Up to 30% of patients with prostate-specific membrane antigen (PSMA)-positive metastatic castration-resistant prostate cancer (mCRPC) never respond or develop resistance to 177Lu-labeled PSMA-targeted radioligand monotherapy. Single-agent PSMA-targeted radioligand therapy (PRLT) with the alpha-emitter 225Ac showed promise against mCRPC but may cause severe and/or persistent xerostomia, which may substantially impair patients’ quality-of-life.

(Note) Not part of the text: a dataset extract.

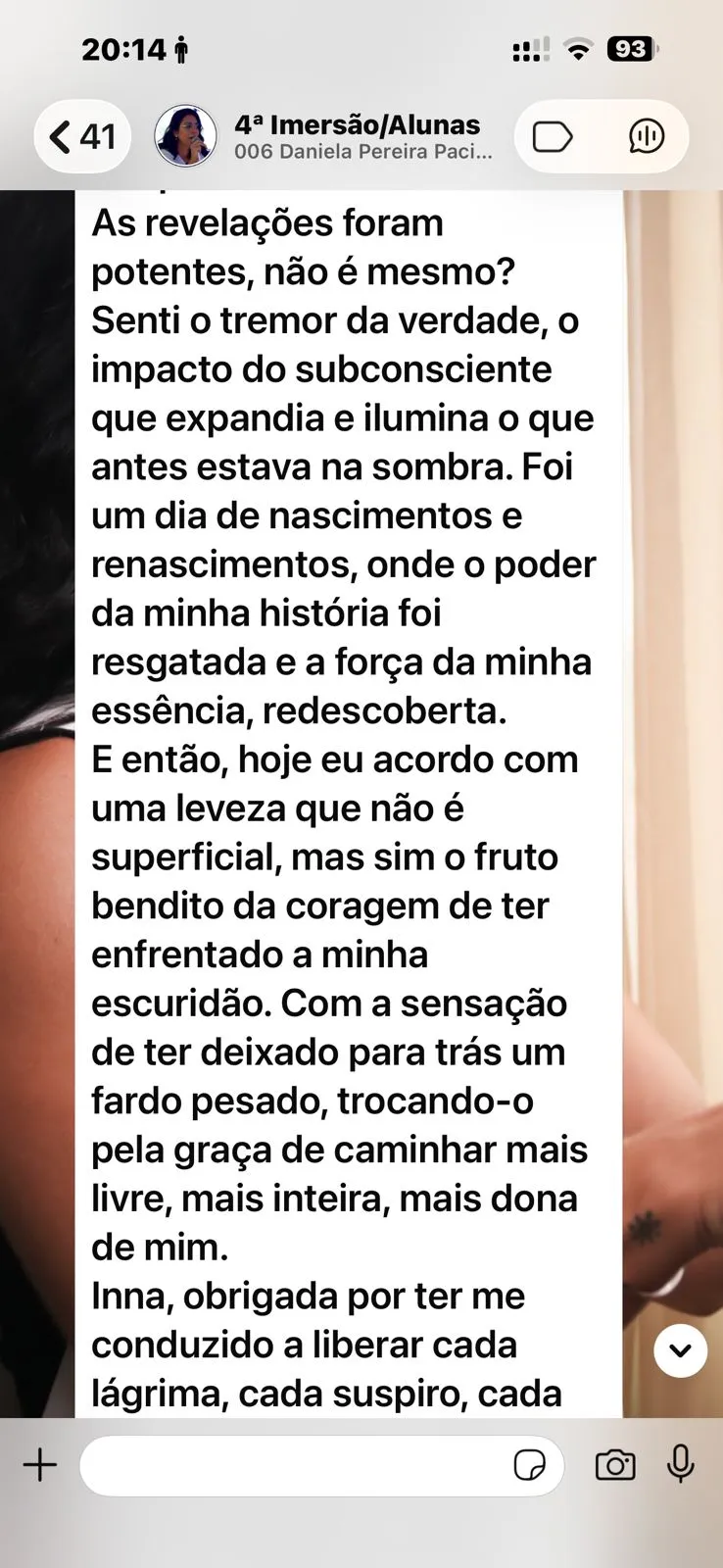 WhatsApp-Image-2026-03-27-at-18.12.51-1_10_11zon.webp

We hypothesized that when 177Lu-PSMA ligand alone is ineffective, tandem therapy with low-activity 225Ac-PSMA ligand plus full activity of the beta emitter may enhance efficacy while minimizing xerostomia severity.

Methods

We retrospectively analyzed pilot experience with 1 course of 225Ac-PSMA-617/177Lu-PSMA-617 tandem therapy in our first 20 patients with mCRPC receiving this intervention after insufficiently responding to 177Lu-PSMA-617 monotherapy. This cohort had late-stage/end-stage disease with high baseline prostate-specific antigen (PSA) concentration (median 215 ng/mL), heavy pre-treatment (abiraterone and/or enzalutamide, and 177Lu-PRLT [median cumulative activity, 26.3 GBq] in 20/20 patients, 100%; docetaxel and/or cabazitaxel in 13/20 patients, 65%), and frequent Eastern Cooperative Oncology Group performance status of 2 (8/20 patients, 40%).

Results

Median (minimum–maximum) administered activities were 225Ac-PSMA-617, 5.3 (1.5–7.9) MBq, and 177Lu-PSMA-617, 6.9 (5.0–11.6) GBq. Significant responders to tandem therapy received 177Lu-PSMA-617 monotherapy as maintenance (median [minimum–maximum]: 1 [0–5] cycle). After a median (minimum–maximum) 22 (14–63) weeks’ follow-up, 13/20 patients (65%) had as best biochemical response a PSA decline > 50%. Median (95% confidence interval) progression-free survival was 19 (12–26) weeks, and overall survival was 48 (4–92) weeks post-tandem therapy administration. Xerostomia was reported as grade 1 (very mild) in 8/20 patients (40%), grade 2 (mild) in 5/20 (25%), and grade 3/4 in 0/20.

Conclusions

Our results suggest that a single course of tandem therapy with low-activity 225Ac-PSMA-617/full-activity 177Lu-PSMA-617 may safely enhance response to PRLT in men with late-stage/end-stage mCRPC while minimizing xerostomia severity. Formal study of this combination is warranted.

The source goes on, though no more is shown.